:: TO DO ::
Set out exactly, line by line, the stretch of data below that begins at the line containing "BryceReign online show" and ends at the line containing "1224 Mccrackens Lane, Horseshoe Lake", with both ends kept.

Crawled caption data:
____________
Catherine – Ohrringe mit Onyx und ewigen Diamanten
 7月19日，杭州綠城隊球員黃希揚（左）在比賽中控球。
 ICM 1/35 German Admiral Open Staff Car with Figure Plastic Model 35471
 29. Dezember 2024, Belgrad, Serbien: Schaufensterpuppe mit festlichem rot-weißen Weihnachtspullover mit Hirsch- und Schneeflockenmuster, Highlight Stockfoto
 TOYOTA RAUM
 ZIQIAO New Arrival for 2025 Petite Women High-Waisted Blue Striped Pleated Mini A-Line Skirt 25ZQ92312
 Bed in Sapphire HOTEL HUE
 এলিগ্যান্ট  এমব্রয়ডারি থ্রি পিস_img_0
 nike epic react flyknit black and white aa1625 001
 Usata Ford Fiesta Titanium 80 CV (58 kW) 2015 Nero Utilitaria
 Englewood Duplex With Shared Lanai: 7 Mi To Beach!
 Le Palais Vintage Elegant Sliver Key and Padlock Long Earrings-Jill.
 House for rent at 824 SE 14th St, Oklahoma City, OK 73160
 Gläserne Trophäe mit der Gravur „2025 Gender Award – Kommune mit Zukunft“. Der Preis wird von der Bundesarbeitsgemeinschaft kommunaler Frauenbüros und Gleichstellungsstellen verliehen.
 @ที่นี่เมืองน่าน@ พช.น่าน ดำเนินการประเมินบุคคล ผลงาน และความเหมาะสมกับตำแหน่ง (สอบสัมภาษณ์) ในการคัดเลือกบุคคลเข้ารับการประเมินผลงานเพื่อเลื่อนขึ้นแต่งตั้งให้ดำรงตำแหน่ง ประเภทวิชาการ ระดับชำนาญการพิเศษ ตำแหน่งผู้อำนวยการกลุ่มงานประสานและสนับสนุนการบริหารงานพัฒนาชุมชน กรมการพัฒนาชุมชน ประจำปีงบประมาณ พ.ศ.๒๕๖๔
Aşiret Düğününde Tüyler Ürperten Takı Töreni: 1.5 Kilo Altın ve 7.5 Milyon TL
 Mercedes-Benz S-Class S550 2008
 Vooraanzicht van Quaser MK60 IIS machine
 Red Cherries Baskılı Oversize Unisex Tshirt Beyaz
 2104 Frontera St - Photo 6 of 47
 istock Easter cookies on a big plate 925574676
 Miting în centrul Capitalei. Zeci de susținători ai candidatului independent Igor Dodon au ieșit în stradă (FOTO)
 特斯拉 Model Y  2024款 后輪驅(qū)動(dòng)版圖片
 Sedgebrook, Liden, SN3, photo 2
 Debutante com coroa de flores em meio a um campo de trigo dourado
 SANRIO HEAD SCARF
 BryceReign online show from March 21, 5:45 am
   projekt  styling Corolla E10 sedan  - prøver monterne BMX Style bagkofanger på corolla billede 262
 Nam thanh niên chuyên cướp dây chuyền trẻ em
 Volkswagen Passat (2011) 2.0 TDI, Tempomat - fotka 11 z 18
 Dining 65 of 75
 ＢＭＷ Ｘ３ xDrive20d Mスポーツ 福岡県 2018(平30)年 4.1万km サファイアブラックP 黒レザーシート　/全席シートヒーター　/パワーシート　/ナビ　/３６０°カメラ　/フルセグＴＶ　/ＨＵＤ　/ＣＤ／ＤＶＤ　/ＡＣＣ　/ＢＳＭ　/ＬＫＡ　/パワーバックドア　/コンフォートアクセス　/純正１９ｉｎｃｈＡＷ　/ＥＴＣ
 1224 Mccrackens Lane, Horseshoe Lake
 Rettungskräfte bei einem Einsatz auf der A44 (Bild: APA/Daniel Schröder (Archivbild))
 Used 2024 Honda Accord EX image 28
____________
:: REPLY ::
 BryceReign online show from March 21, 5:45 am
   projekt  styling Corolla E10 sedan  - prøver monterne BMX Style bagkofanger på corolla billede 262
 Nam thanh niên chuyên cướp dây chuyền trẻ em
 Volkswagen Passat (2011) 2.0 TDI, Tempomat - fotka 11 z 18
 Dining 65 of 75
 ＢＭＷ Ｘ３ xDrive20d Mスポーツ 福岡県 2018(平30)年 4.1万km サファイアブラックP 黒レザーシート　/全席シートヒーター　/パワーシート　/ナビ　/３６０°カメラ　/フルセグＴＶ　/ＨＵＤ　/ＣＤ／ＤＶＤ　/ＡＣＣ　/ＢＳＭ　/ＬＫＡ　/パワーバックドア　/コンフォートアクセス　/純正１９ｉｎｃｈＡＷ　/ＥＴＣ
 1224 Mccrackens Lane, Horseshoe Lake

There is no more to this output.